[A version of this post appears on the O’Reilly Radar.]
The O’Reilly Data Show podcast: Evan Chan on the early days of Spark+Cassandra, FiloDB, and cloud computing.
Subscribe to the O’Reilly Data Show Podcast to explore the opportunities and techniques driving big data and data science.
In this episode of the O’Reilly Data Show, I sit down with Evan Chan, distinguished engineer at Tuplejump. We talk about the early days of Spark (particularly his contributions to Spark/Cassandra integration), his interesting new open source project (FiloDB), and recent trends in cloud computing.
Bringing Apache Spark & Apache Cassandra together
Datastax credits me with inspiring them to bring Spark into Cassandra … I think they’re very generous about that. I think I was one of the first folks to talk about the possibility of bringing Cassandra and Spark together. The vision that I saw was that Cassandra was really good for real-time updates, but what if we’re able to do more analytical queries on it? Then you could combine, basically, a platform that is really good for real-time updates with analytics.
What is FiloDB?
FiloDB is an analytical database … It is a distributed columnar analytical database. … It’s distributed meaning that, just like Cassandra, runs on multiple nodes. You can spread out your data very easily and query it as a single entity. It is columnar meaning that stores your data in a format that makes it very fast for those little queries. What do I mean by that? That means you might want to find out, for example, the top products that are selling in a department for month X. These are queries that typically show up in business reporting…these kind of queries would benefit greatly from FiloDB.
…We’re seeing there’s really a need for something that allows you to do queries very quickly and interactively but still work with more recent data. Some more recent use cases that really motivated this was around processing, such as geospatial processing … For example, I have a location column. Let’s say that it’s IoT or something else, and I have positions or coordinates. Oftentimes, you need to annotate this data and take the position and same ZIP codes and other kinds of things like that. I saw an opportunity to use columnar storage for it, but nothing that allowed me to take advantage of it very easily.
…One of our core messages is, look, you already have Spark and Cassandra. You ingest real-time data. Now you’re thinking how to add analytics to it. You don’t have to set up a whole complex stack involving Hadoop and a lot of extra stuff. You can simplify your stack a lot and just use what we call a “SMACK stack”: Spark, [Mesos, Akka,] Cassandra, Kafka.

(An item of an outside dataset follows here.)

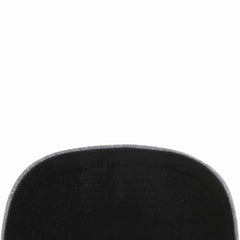 Minnesota Twins '47 Carbon Rope Trucker Adjustable Hat - Charcoal - 47 brand on Sale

It’s such a [different] landscape now. … You can run everything on Amazon or Google cloud with the data flow. Basically, I think the industry is transitioning from: you have to build a lot of things yourself, to more of a pick and choose (like I’m going to go and see what services I can assemble and integrate all of them). … When you think about testing, and especially when you have, say, a dev cluster, a staging cluster, a production cluster, a lot of times you want to spin up things for tests, like performance. With cloud, it becomes much easier. With data centers, you often can’t find a space to do performance tests. With the cloud provider, I can just spin out a cluster.